Structural origin of relaxation in dense colloidal suspensions

Amorphous solids relax via slow molecular rearrangement induced by thermal fluctuations or applied stress. Although microscopic structural signatures predicting these structural relaxations have long been sought, a physically motivated structural measure relevant to diverse systems remains elusive. Here, we introduce a structural order parameter derived from the mean-field caging potential experienced by the particles due to their neighbors, which reliably predicts the occurrence of structural relaxations. The parameter, derived from density functional theory, is a measure of susceptibility to particle rearrangements that can effectively identify weak or defect-like regions in disordered systems. Using experiments on dense colloidal suspensions, we demonstrate a causal relationship between this order parameter and the structural relaxations of the amorphous solid.

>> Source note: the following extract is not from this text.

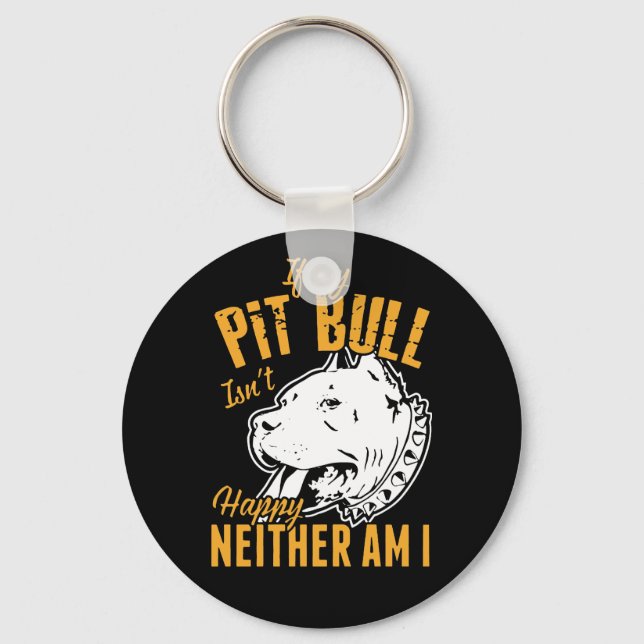 Porte-clés Cute Pit Bull Maman Papa Puppy Chien Pitbull Secou (Recto)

In quiescent suspensions, increasing the density leads to stronger correlations between the structure and dynamics. Under applied shear, the mean structural order parameter increases with increasing strain, signaling shear-induced softening, which is accompanied by the proliferation of plastic events. In both cases, the order parameter reliably identifies weak regions where the plastic rearrangements due to thermal fluctuation or applied shear preferentially occur. Our study paves the way to a structural understanding of the relaxation of a wide range of amorphous solids, from suspensions to metallic glasses.